İnşaat ülkeye egemen oldu, inşaat ile birlikte yolsuzluklar Türkiye tarihinde görülmemiş noktalara tırmandı. Medya ve düşünce ve ifade özgürlüklerinin giderek mezara gömülmesi, ülkede özellikle yapılan yolsuzlukların gizlenmesi ve AKP’nin sürekli iktidarı için milletin gerçekleri öğrenme olanaklarını sınırlandırma amacını taşıdığı açık seçik.
Tüm bunlar tek kişinin otorite rejimini güçlendirdi. Yargı iki dudağın arasında, açılan yüzbinlerce dava.. keyfi tutuklamalar.. Tüm bunlar ekonominin de çok yönlü çöküşüne paralel gelişti.

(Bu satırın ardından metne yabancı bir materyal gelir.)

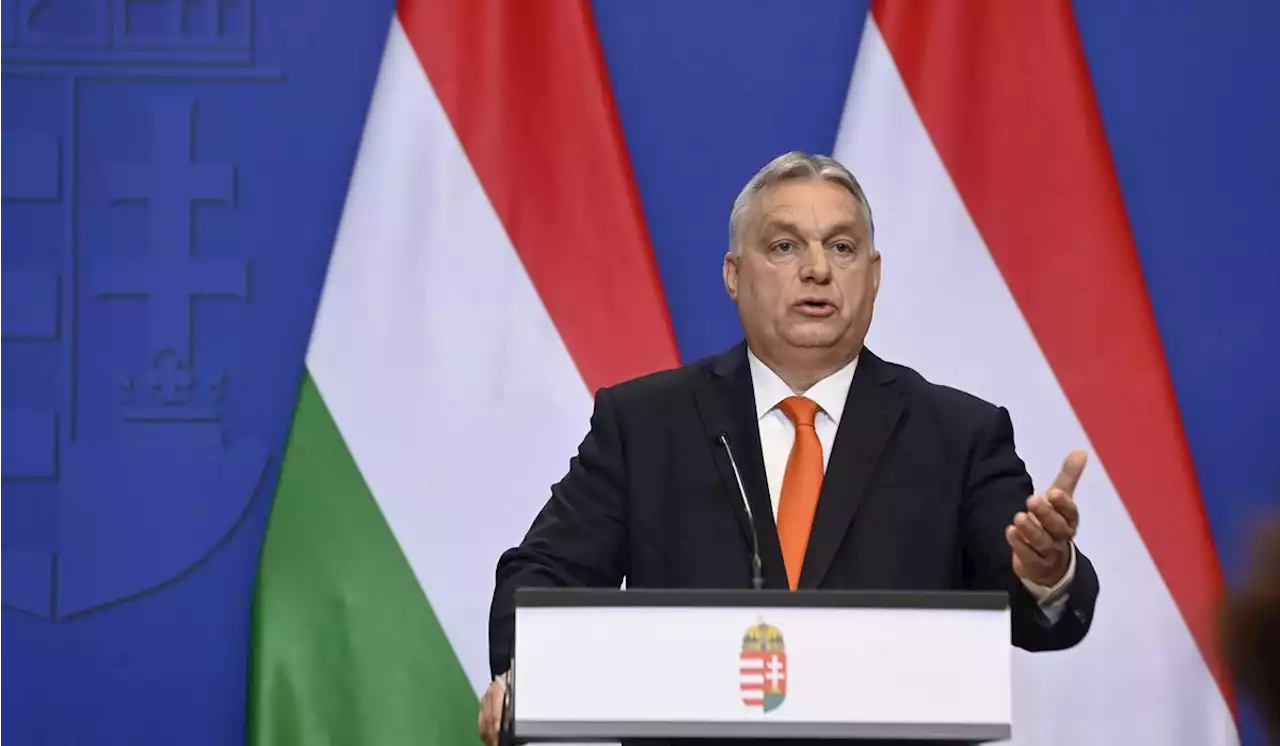 Hungary’s Orban sees U.S. as a top adversary, purported CIA leak shows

Geleceğini ülke dışında arayanlar. Bir yıl içinde bilgisayar yazılımdan 60 bin kişinin ülke dışına transferi.. Binleri aşan doktorların gidişi. Umutsuz bir gençlik, yoksullaştırılmış milyonlar… Zenginleştirilmiş milyarderleştirilmiş bir AKP sınıfı ve şirketleri. Eğitim niteliğinin çöpe dönüşmesi.. üniversitelerin AKP’nin düşük düzeyli adamlarının elinde zavallılaştırılması.